De premieplichtigheid van de werkgever voor zijn «overheidswerknemer» en de regels voor de berekening van de premies zijn te vinden in het pensioenreglement van de Stichting Pensioenfonds ABP, de paragrafen 3 en 4. Dit reglement geldt met ingang van 1 januari 1996. Het is, als ontwerp, gepubliceerd in de eerder genoemde Staatscourant. De gelding ervan met ingang van de genoemde datum volgt uit artikel 2 van de vorenbedoelde pensioenovereenkomst. Voor de volledigheid wordt hier nog vermeld, dat, ingevolge het reglement, de voor de berekening van de premies toepasselijke percentages door het bestuur van de Stichting Pensioenfonds ABP worden vastgesteld, op basis van statutair vastgelegde systemen. Ook de statuten van dat fonds, met een desbetreffende bijlage, zijn in ontwerp gepubliceerd in de Staatscourant van 28 december 1995, nr. 251. Deze statuten gelden eveneens ingaande 1 januari 1996.
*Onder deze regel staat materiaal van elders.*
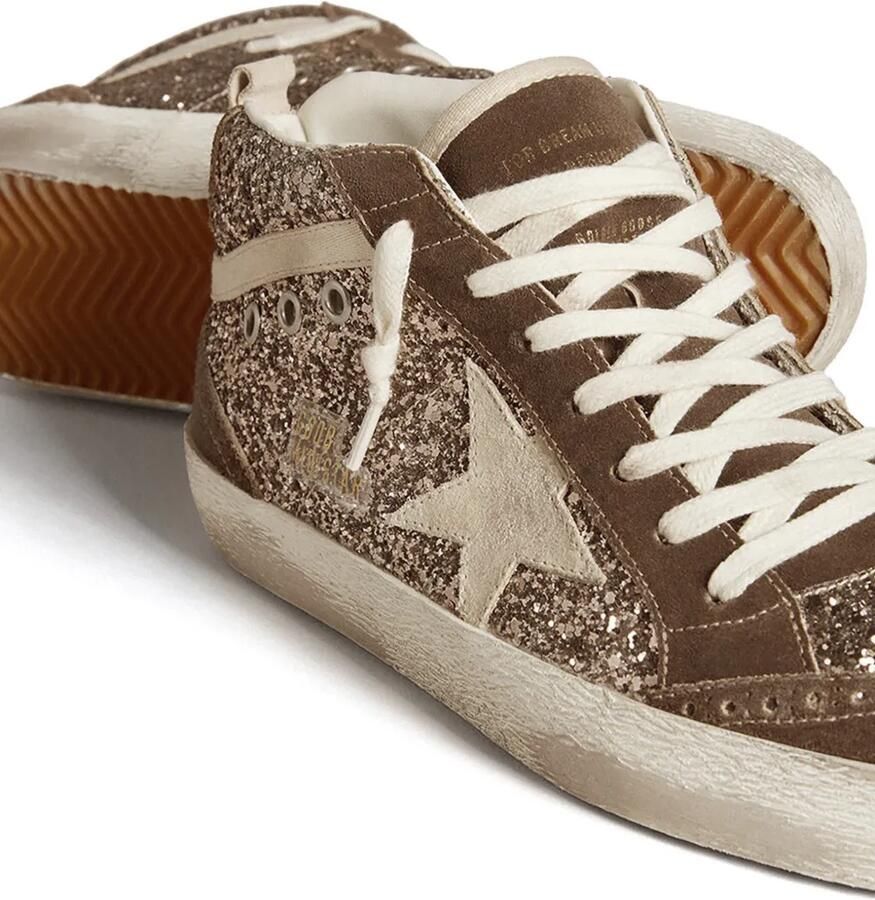 Golden Goose Mid Star sneakers Bruin - Foto 2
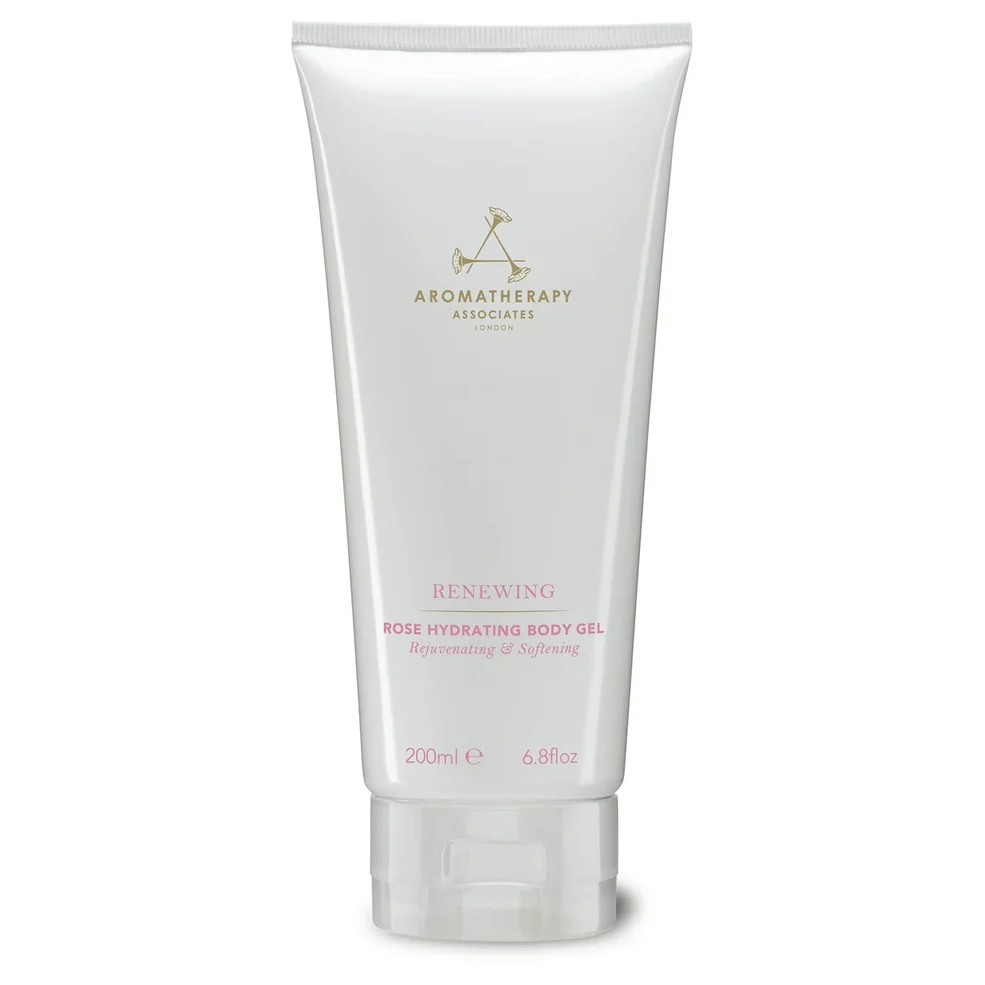 Увлажняющий гель для тела с экстрактом розы Aromatherapy Associates Renewing Rose Hydrating Body Gel 200 мл Image 1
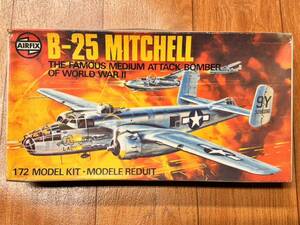 01048 1/72 TOMY AIRFIX D1 04005-7 B-25 Mitchell トミー エアフィックス B25 ミッチェル 未組立品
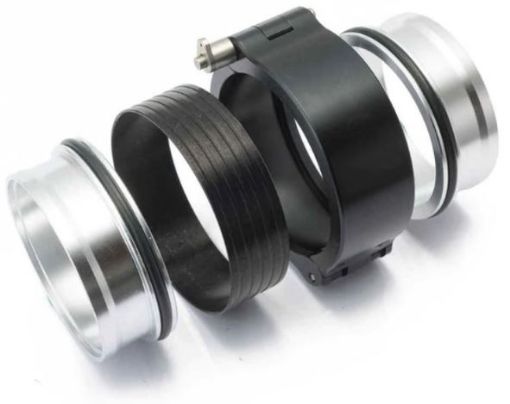 Kuva: 2" (51 mm.) Alu-puristin - Eloisa suoritustyyli
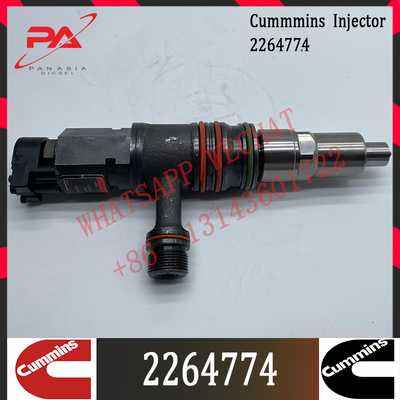 Diesel Fuel Injector 2264774 Injection MTU Engine Untuk CUMMINS Common Rail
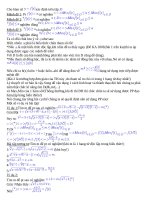 max,min - tim nghiem  cua phuong trinh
Voor alle duidelijkheid wordt nog eens benadrukt, dat er ten aanzien van politieke ambtsdragers geen sprake is van afdracht van premies aan een fonds, maar uitsluitend van een inhouding op het inkomen overeenkomstig het verhaal van pensioenpremies op een overheidswerknemer.

Tot slot wordt opgemerkt dat er geen wijziging is gekomen in de regeling van de zogenoemde pseudo-premies, waarop de artikelen 3 van de uitvoeringsbesluiten Appa zijn gebaseerd.

Inwerkingtreding

Aan de inwerkingtreding is terugwerkende kracht gegeven tot en met 1 januari 1996, omdat op die datum de wijziging van de plaats van regeling van het verhaal van pensioenbijdrage (nu verhaal van pensioenpremies genoemd) voor het overheidspersoneel is ingegaan.

Deze terugwerkende kracht is niet bezwaarlijk uit een oogpunt van rechtszekerheid van de Appa-belanghebbenden. De norm voor de onderhavige inhouding ligt vast in de wet. De nadere invulling is geen inhoudelijke koerswijziging.

De Minister van Binnenlandse Zaken,

H. F. Dijkstal


XNoot
1

Stb. 1993, 436, laatstelijk gewijzigd bij koninklijk besluit van 28 december 1994, Stb. 1995, 33.

XNoot
2

Stb. 1979, 566, laatstelijk gewijzigd bij koninklijk besluit van 28 december 1994, Stb. 1995, 33.

XHistnoot

Het advies van de Raad van State wordt niet openbaar gemaakt op grond van artikel 25a, vierde lid, onder b, van de Wet op de Raad van State, omdat het uitsluitend opmerkingen van redactionele aard bevat.